Die bessere Dachbahn heißt V 60 DD, sie hat ein Gewebe.
Die V 13 hat "Haare" und reißt leichter.


----------



## troll20 (14. Juni 2019)

Bin immer noch von EPDM Dachbahn überzeugt. 
Die V30 und 60 sind heute qualitativ so schlecht geworden und mit einer durchschnittlichen Haltbarkeit von 5 bis 10 Jahren einfach zu teuer. Im Gegensatz zu der vor 30 Jahren die teilweise heute noch dicht hält .....


----------



## samorai (14. Juni 2019)

Okay René, normalerweise ist es so aber 1. kommt die Sonne nicht ran und 2. Ist sie Diffusions offener.
Eine Folie kann das nicht.

Bin schon ne Weile raus, ich meinte G200DD.


----------



## troll20 (14. Juni 2019)

Na die Diffusion macht man heute eher über eine Zwangsbe- und Entlüftung oberhalb der Dämmung unterhalb der Schalung.


----------



## pyro (29. Juli 2019)

Mal wieder ein Update:

Ich hatte 5 sehr harte Arbeitswochen, die stressfreieste Woche waren 70 Stunden, die Stressigste 88 Arbeitsstunden lang. Die Baustelle kam da nicht wirklich viel weiter.
Trotzdem gibts News und ein Update:

Ich hab zufällig bei Ebay Kleinanzeigen eine Anzeige über rotes Rechteckpflaster bei mir am Arbeitsweg gesehen - kostenlos bei Selbstausbau. Jetzt hab ich 21 qm davon hier stehen. Das dient als Boden für den 2. Raum der als Holzlager, Abstellraum für Gartengeräte, Werkzeug usw. dienen soll.

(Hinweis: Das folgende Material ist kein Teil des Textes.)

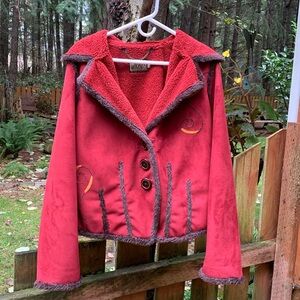 Wraps Embellished Faux Leather Button Down
Jacket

Der alte Schup pen ist seit ein paar Tagen komplett abgerissen und dient nach und nach für ein kleines Lagerfeuer neben dem Teich in einer schönen Sommernacht.

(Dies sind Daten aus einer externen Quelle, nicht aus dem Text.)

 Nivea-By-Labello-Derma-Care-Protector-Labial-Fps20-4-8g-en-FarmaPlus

Die Bodenplatte ist fertig betoniert und da es sich um eine Hanglage handelt habe ich zum Hang hin eine Mauer betoniert (damit der Holzrahmen nicht in der feuchten Erde ist) und bin damit fertig.

Heute habe ich viel gemessen und viel gerechnet. Im Sägewerk gibt es die Balken nur Meterweise und dann muss man rechnen damit es nicht so viel Verschnitt
gibt.

Morgen fahr ich ins Sägewerk und hole mir etwas Arbeit nach Hause. Die nächste Pause ist aber vorprogrammiert denn ab 5.8. bin ich eine Woche in Rostock und danach hat das Sägewerk 2 Wochen Betriebsferien...


----------



## trampelkraut (30. Juli 2019)

Rechne richtig: denn abschneiden geht immer, dran schneiden nicht so gut.


----------



## troll20 (30. Juli 2019)

trampelkraut schrieb:


> Rechne richtig: denn abschneiden geht immer, dran schneiden nicht so gut.


Spricht da jemand aus Erfahrung


----------



## pyro (31. Juli 2019)

Keine Sorge ich hab das heute schon ausprobiert wie es ist wenn man am falschen Strich abschneidet... ausserdem hab ich meine neue Kapp-Zug-Gehrungssäge gleich eingeweiht.

Holz macht ja gelbliche Spähne... als da heute plötzlich graue mit dabei waren muss ich ein selten dämliches Gesicht gemacht haben. Da hab ich vergessen einen Anschlag zu entfernen. Heilfroh das das im Lieferumfang befindliche Sägeblatt wohl auch weiches Metall schneidet. Das Sägeblatt ist noch OK.

Für den zu kurz abgeschnittenen Balken hab ich dann doch an anderer Stelle eine Verwendung.


----------



## trampelkraut (1. Aug. 2019)

troll20 schrieb:


> Spricht da jemand aus Erfahrung



Alles kein Problem wenn man einen Kachelofen hat!


----------